In this study, we investigated the expression profile of circRNAs of LCXW patients by employing circular RNA microarray, and there were many differentially expressed circRNAs between tumor tissues and adjacent normal tissues of LCXW. And, we selected eight circRNAs (hsa_circ_0005927, hsa_circ_0069397, hsa_circ_0001936, hsa_circ_0005255, hsa_circ_0000937, hsa_circ_0007064, hsa_circ_0000907, hsa_circRNA_406010) as candidate circRNAs according to some criteria for further study. Also, we identified hsa_circ_0005927, hsa_circ_0001936, and hsa_circRNA_406010 may serve as novel potential biomarkers for LCXW. Taken together, the findings may provide new insights into the critical role of the circRNAs in LCXW tumorigenesis.

MATERIALS AND METHODS

Patients and tissues

The LCXW patients enrolled met the following criteria: (a) the patient came from Xuanwei District of Yunnan and lived in this area for more than 15 years; (b) pathological diagnosis belongs to lung cancer; (c) excluding patient who suffered radiotherapy, chemotherapy or immunotherapy before operation; (d) excluding patient with immune system diseases, chronic consumptive diseases or infectious diseases; (e) excluding patient with other malignant tumors. A total of 26 patients (stage I: 10/26; stage II: 9/26; stage III: 7/26) were available for the circRNA microarray. The detection of circRNA microarray was carried out in six groups according to the stage of LCXW patients and tissue sources. For each group of samples, a sample labeled A which instead of LCXW tissues was mixed to cross a dot matrix; a sample labeled P which instead of adjacent normal lung tissues from LCXW patients was mixed to hybridize a dot matrix. Also, 50 paired tissues from LCXW patients were carried out RT‐qPCR to extended sample size to verify the expression of circRNAs. All of the patients′ clinical information was recorded in detail. All samples including lung cancer tissues and their paired adjacent normal lung tissues were collected from patients who had received surgical treatment at the Thoracic Surgery Department of the First Affiliated Hospital of Kunming Medical University or Xuanwei Yunfeng hospital between September 2011 and September 2017. The pathological diagnosis and the stage of LCXW are obtained by professional pathologists. All the tissue samples were collected, immediately snap‐frozen in liquid nitrogen, and stored at −80°C until RNA extraction.

The use of all tissue blocks for this study was approved by the Institutional Ethics Review Board of Kunming Medical University (Kunming, Yunnan, PR China). Informed consent was obtained from all patients.
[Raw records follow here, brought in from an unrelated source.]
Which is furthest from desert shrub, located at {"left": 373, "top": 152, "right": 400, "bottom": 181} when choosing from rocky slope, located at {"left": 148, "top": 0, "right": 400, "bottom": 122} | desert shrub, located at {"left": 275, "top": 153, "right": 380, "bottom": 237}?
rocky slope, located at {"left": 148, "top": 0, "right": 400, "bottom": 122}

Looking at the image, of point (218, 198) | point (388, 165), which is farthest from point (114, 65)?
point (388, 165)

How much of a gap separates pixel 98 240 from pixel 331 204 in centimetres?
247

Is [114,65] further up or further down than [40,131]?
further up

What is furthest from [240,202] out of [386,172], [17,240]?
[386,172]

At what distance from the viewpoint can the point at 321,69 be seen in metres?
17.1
Total RNA isolation and quality control

The total RNA was extracted from tissues with TRIzol reagent (Invitrogen), according to the manufacturers′ protocol. The purity and concentration of RNA were determined by OD260 and OD280 using a NanoDrop ND‐1000 (Thermo Fisher Scientific). The integrity of RNA was assessed by electrophoresis on a denaturing agarose gel.
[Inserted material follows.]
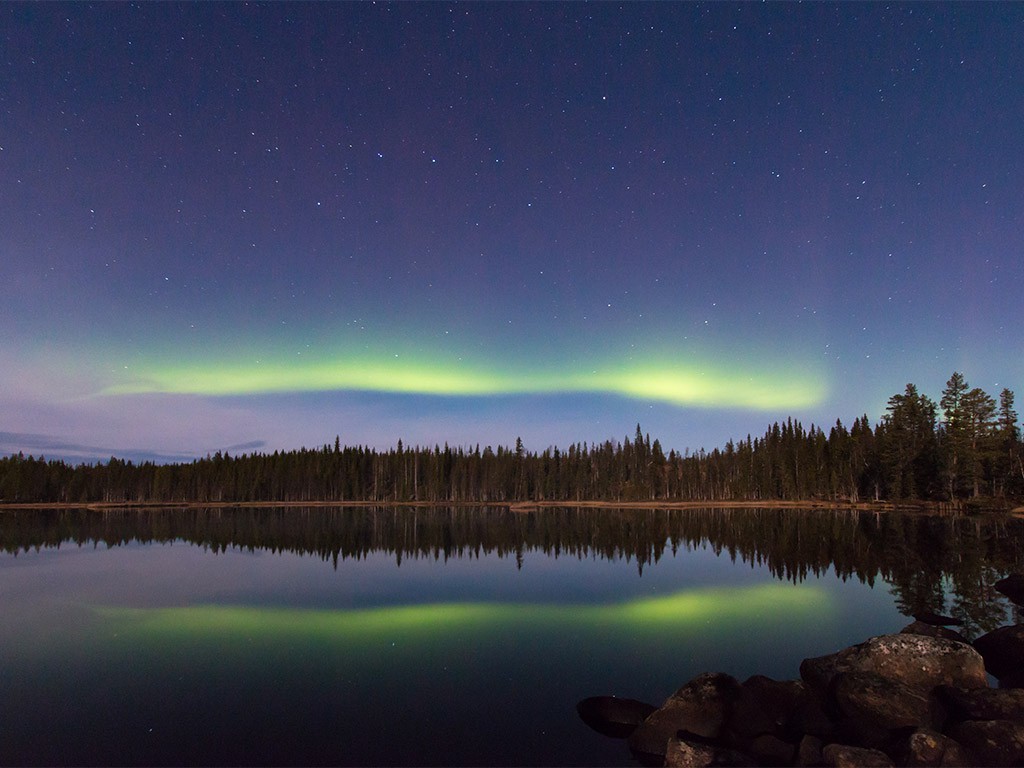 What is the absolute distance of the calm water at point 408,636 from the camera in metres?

CircRNAs labeling and hybridization

Sample labeling and array hybridization were performed according to the manufacturer′s protocol (Arraystar Inc). Briefly, total RNAs were digested with Rnase R (Epicentre, Inc) to remove linear RNAs and enrich circular RNAs (circRNAs). Then, the enriched circRNAs were amplified and transcribed into fluorescent cRNA utilizing a random priming method (Arraystar Super RNA Labeling Kit; Arraystar). The labeled cRNAs were purified by RNeasy Mini Kit (Qiagen). The concentration and specific activity of the labeled cRNAs (pmol Cy3/μg cRNA) were measured by NanoDrop ND‐1000. 1 μg of each labeled cRNA was fragmented by adding 5 μL 10× Blocking Agent and 1 μL of 25× Fragmentation Buffer and then heated the mixture at 60°C for 30 minutes. Finally, 25 μL 2× Hybridization buffer was added to dilute the labeled cRNA. 50 μL of hybridsation solution was dispensed into the gasket slide and assembled to the circRNA expression microarray slide. The slides were incubated for 17 hours at 65°C in an Agilent Hybridization Oven. The hybridized arrays were washed, fixed, and scanned using the Agilent Scanner G2505C.
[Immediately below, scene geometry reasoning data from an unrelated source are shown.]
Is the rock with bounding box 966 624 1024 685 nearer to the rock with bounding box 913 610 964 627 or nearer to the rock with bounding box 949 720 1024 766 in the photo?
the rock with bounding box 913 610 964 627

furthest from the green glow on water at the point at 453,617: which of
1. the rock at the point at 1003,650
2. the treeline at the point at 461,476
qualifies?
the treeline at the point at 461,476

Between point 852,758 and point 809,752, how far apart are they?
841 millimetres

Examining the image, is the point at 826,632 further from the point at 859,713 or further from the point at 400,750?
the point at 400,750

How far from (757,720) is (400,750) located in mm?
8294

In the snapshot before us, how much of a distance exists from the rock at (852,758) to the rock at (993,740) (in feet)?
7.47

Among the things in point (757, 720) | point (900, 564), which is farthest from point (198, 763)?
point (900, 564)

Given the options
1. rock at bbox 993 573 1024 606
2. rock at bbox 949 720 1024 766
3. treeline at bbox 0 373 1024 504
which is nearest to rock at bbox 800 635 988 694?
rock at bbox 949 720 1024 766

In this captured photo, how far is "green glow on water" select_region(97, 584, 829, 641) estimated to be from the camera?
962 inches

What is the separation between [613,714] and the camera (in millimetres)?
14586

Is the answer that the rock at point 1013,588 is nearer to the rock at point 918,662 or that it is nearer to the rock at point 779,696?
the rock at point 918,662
Data collection and analysis of circRNA microarray

Scanned images were imported into Agilent Feature Extraction software for raw data extraction. Quantile normalization of raw data and subsequent data processing were performed using the R software limma package (Kangcheng Bio‐tech). After quantile normalization of the raw data, low‐intensity filtering was performed, and the circRNAs that at least three out of six samples have flags in “P” or “M” (“All Targets Value”) were retained for further analyses. When comparing two groups of profile differences (such as disease vs control), the “fold change” (ie, the ratio of the group averages) between the groups for each circRNA is computed. The statistical significance of the difference may be conveniently estimated by t test. circRNAs were having fold changes ≥2 and P‐values < .05 are selected as the significantly differentially expressed.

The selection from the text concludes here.